After circling the store a few times, I find something. It’s in the corner, in the back of the store. The heading T-shirt highlights the item’s features, and I know I’ve found what I’m looking for. I reach up to take the peachy-beige item off the hanger and make my way to the cashier.
Because this is the Semi-Annual-Get-All-The-Underwear-You-Might-Ever-Need Sale, there are 4,567 people in front of me. Women of all ages, really. High school girls who have yoga pants slung over their shoulders so they can text while they wait to pay.
Another lady — a bride, I think — holds a few things and looks at the shiny ring on her left hand. Another holds a tiny baby, bobbing back and forth while she waits in line. She’s talking to a younger woman next to her who I assume is her daughter. The new mom’s hair is in a ponytail, and she looks at the baby, then at the line, then to her mom. The mom follows her daughter’s gaze, kisses her grandbaby, reaches to her daughter, then pats her shoulder and says something. What she says looks soothing.
The tricky thing about shopping is the waiting in line. There’s a lot of time to look at all the sparkle. There’s time to think about what a body mist called Wink Wink smells like, which is what I’m doing when I see the grandma-mother-grandbaby combo. I look at the glittery bottle in my one hand and my functional peachy beige thing in the other. I miss my mom. If she were here, she’d nudge me in the side and say, “Get the peachy beige one and let me get you that cute polka dot one. You know, for fun. And let’s get some yoga pants and sweatshirts too. They’re on sale.” She’d know how to navigate this place.
Afterwards, we’d get coffee and a donut, and I’d think Victoria’s Secret isn’t so scary because my mom makes everything fun and funny and even the weirdest situations are filled with potential.
I’m thinking about this, turning over a bottle of self-tanner promising a beach-looking body, when I hear Hadley.
“OOOOOOO!!! Look at all this pink stuff! Oh, Daddy, look how BEE-utiful these underpants are! Do they have my size? Do they have 5T?”

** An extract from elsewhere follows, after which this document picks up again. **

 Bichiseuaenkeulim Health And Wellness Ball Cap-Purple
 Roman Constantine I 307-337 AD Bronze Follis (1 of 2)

When she finds me, she is covered in chocolate, and Jesse says, “Sorry, they were getting antsy. So, I bought them a snack.”
And chocolate is the way to get them un-antsy.
I can tell from Hadley’s face that she is not in control of herself. This is a scary place for Hadley to be. She acts fast. So fast nobody can prevent what is about to happen. But I try, in vain, to hold my T-shirt-appropriate underthing close to me. It is too late. She has spotted it and is pouncing before I can do anything. She grabs it out of my hands, holds it above her head and yells, “SUPERRRRRR BUNNNNNNS!!!!!”
This is Jesse’s cue to take the girls out of the store. And he does, while I inch closer to the cashier, eyes on my shoes, though I can hear women wondering what superbuns are. It’s possible they want to know where they can find some.
“Are you going to need a bag for that?” the cashier asks me at the counter.
I forgot about the tax for bags Montgomery County charges if you need one from the store. I didn’t take any of my own bags with me. What am I supposed to do? Carry what I purchased for all to see in the mall? Maybe put it on over my shirt? Or hang it from my jeans pocket?
“Yes please, I’ll need a bag,” I tell her.
The cashier wraps my purchase in tissue paper with pink and gold stripes on it, then neatly places it into a shiny pink bag and hands it to me.
“I’m not showing my superbuns to all of Westfield Mall, thank you very much,” I think, as I walk out of the store, looking for my family. Besides, I kind of like this shade of pink.